=== Work instructions ===
I need the lines from the one holding "Une salle de" to the last line of the data below repeated exactly, both included, without pictures.

=== Given material ===
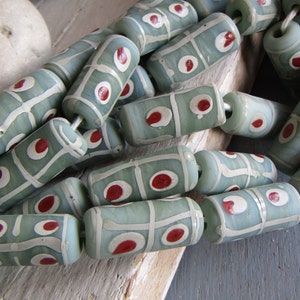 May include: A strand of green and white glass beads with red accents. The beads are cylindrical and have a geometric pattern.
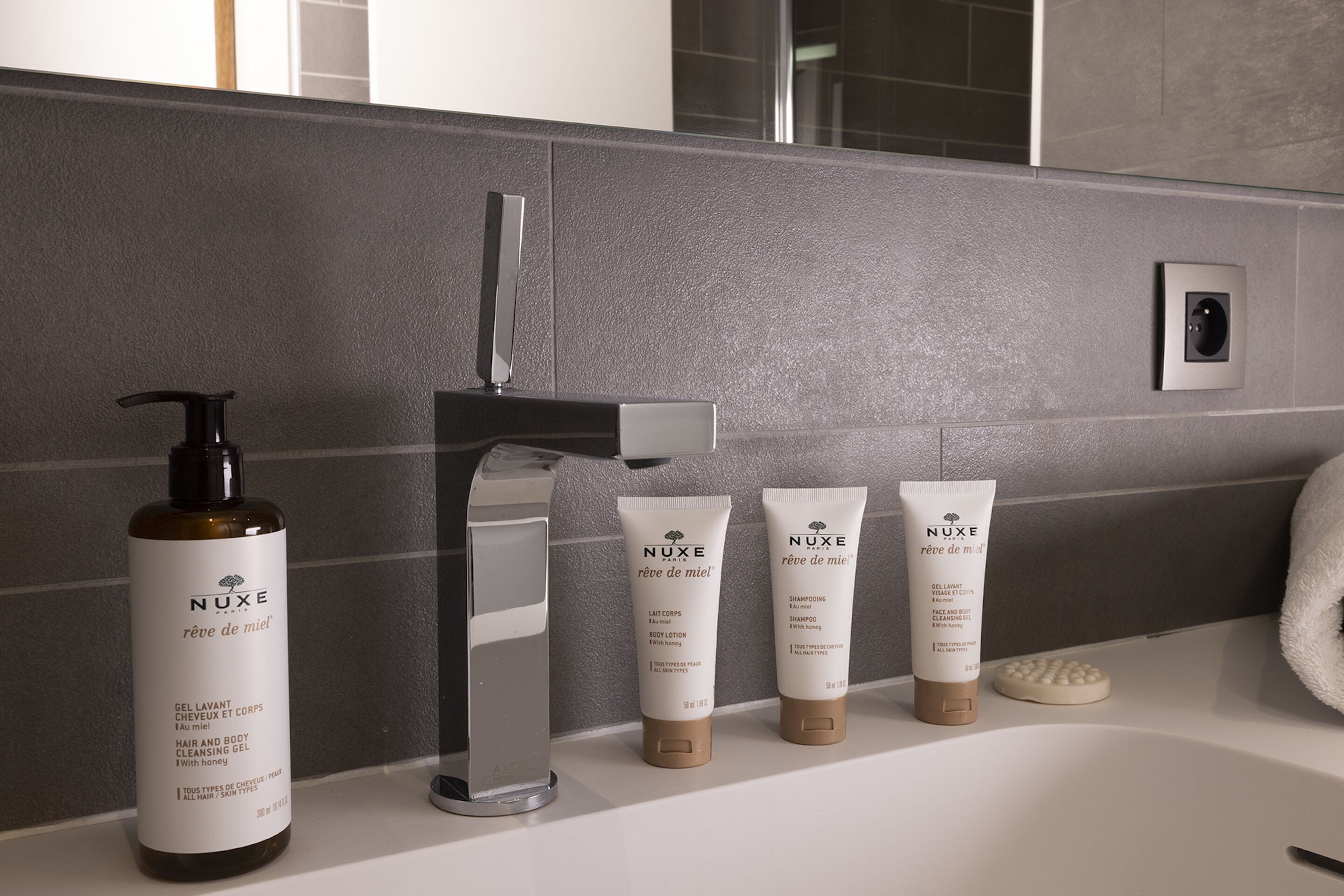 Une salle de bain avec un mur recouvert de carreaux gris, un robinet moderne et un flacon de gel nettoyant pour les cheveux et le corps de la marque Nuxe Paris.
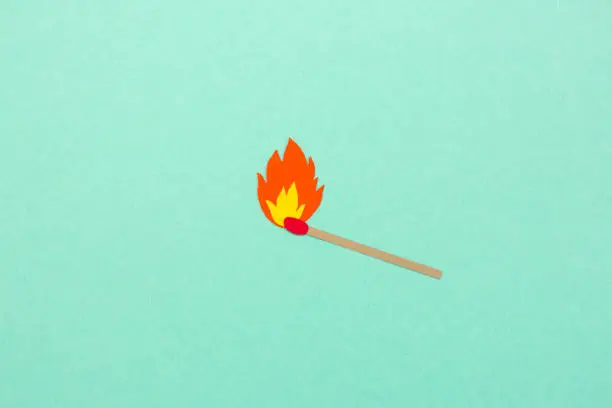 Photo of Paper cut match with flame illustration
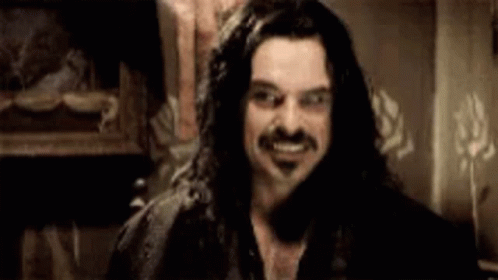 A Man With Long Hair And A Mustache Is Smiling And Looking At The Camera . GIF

=== Output of the task ===
 Une salle de bain avec un mur recouvert de carreaux gris, un robinet moderne et un flacon de gel nettoyant pour les cheveux et le corps de la marque Nuxe Paris.
 Photo of Paper cut match with flame illustration
 A Man With Long Hair And A Mustache Is Smiling And Looking At The Camera . GIF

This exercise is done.